Quick Semantic Search using Siamese-BERT Networks

Use the Sentence-BERT library to create fixed-length sentence embeddings suitable for semantic search on a large corpus.

Aneesha Bakharia
Towards Data Science

--

Image by https://pixabay.com/users/PDPhotos-16/?utm_source=link-attribution&utm_medium=referral&utm_campaign
Image by PDPhotos and downloaded from Pixabay.

I’ve been working on a tool that needed to embed semantic search based on BERT. The idea was simple: get BERT encodings for each sentence in the corpus and then use cosine similarity to match to a query (either a word or another short sentence).

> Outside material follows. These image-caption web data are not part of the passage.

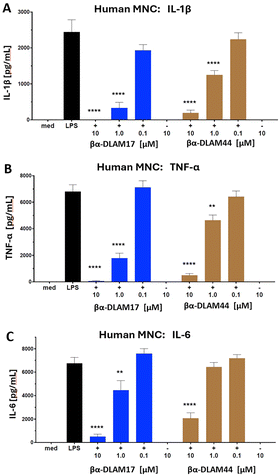 image file: d5cb00324e-f3.tif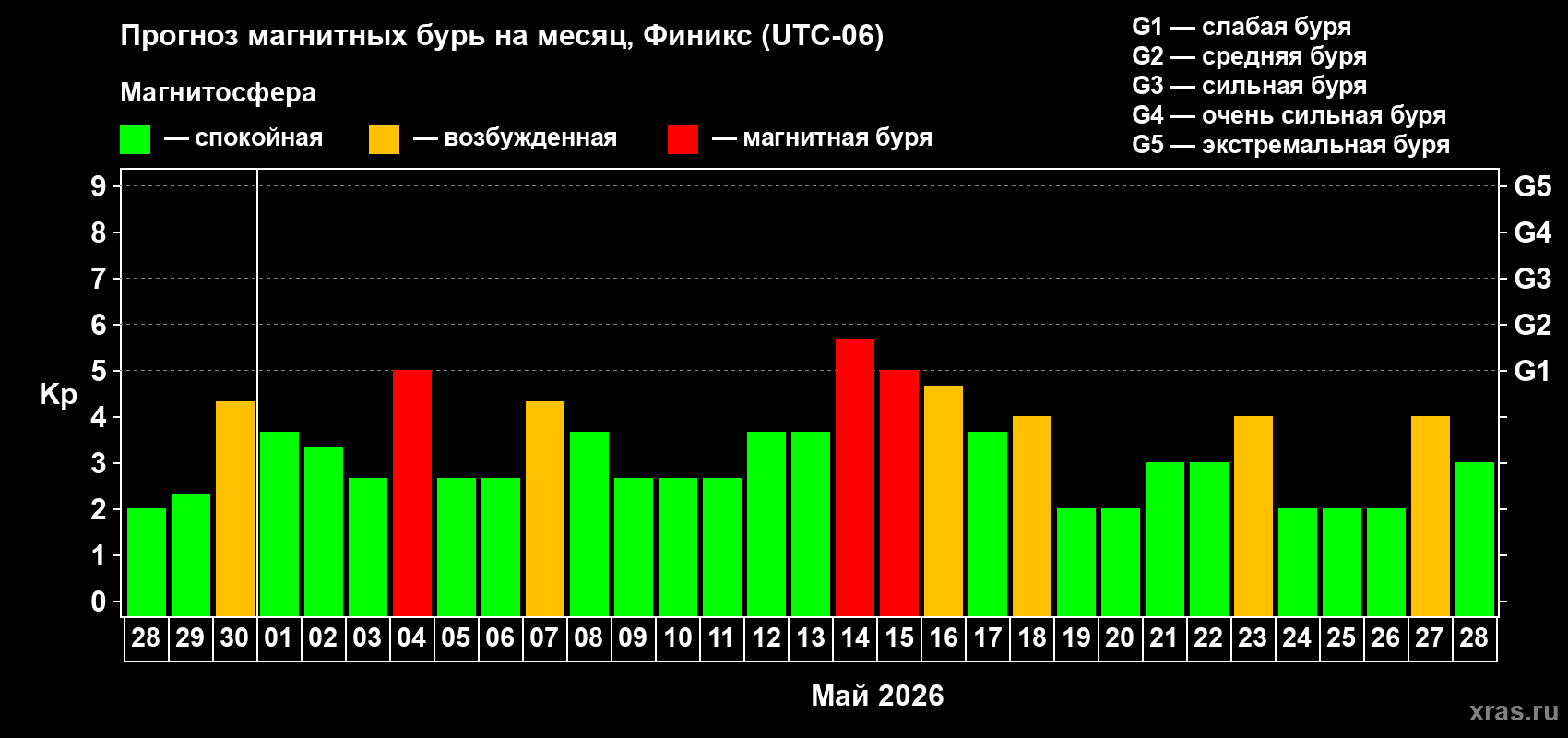 Прогноз максимального суточного геомагнитного индекса&nbsp;Kp на <b>1 месяц</b> (31 день) <b>с 28 апреля по 28 мая 2026 г</b>
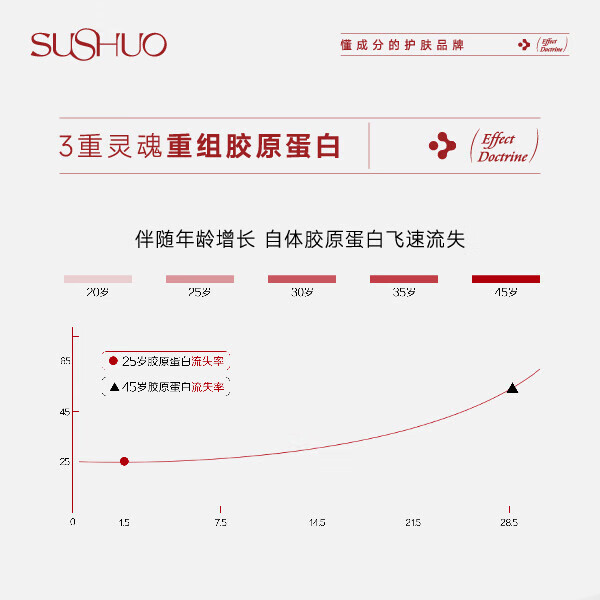 素说美丽SUSHUO多重重组胶原蛋白塑颜紧致眼贴膜五代眼膜贴官方正品单片装 3盒+试用装2片
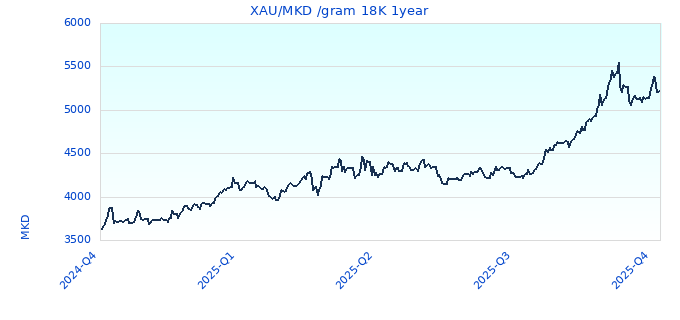 XAU/MKD /gram 18K 1year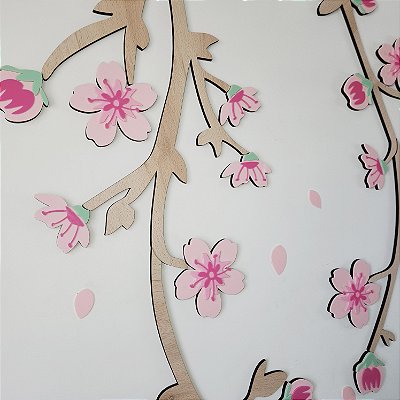 Painel Jardim Floral Infantil
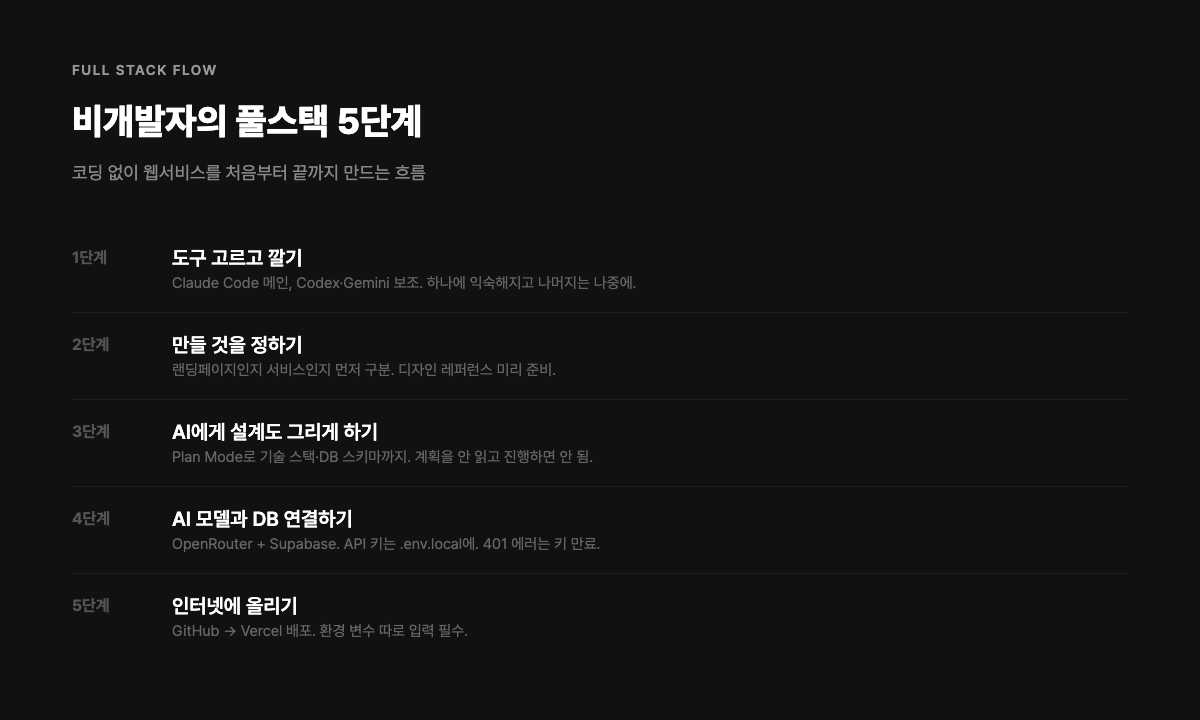 비개발자의 풀스택 5단계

Depending upon the size of the corpus returning a BERT embedding for each sentence takes a while. I was tempted to use a simpler model (eg ELMO or BERT-As-A-Service) until I came across the “Sentence-BERT: Sentence Embeddings using Siamese BERT-Networks” 2019 ACL paper by Nils Reimers and Iryna Gurevych. Source code for the paper was available from Github and PyPi had the Sentence-BERT library ready to be pip installed (if you use Python). In this blog post, I’ll briefly describe the problem the paper solves and present a Google Collab notebook that illustrates just how easy it is to achieve semantic search functionality using a SOTA BERT model.

Why Siamese and Triplet Network Structures?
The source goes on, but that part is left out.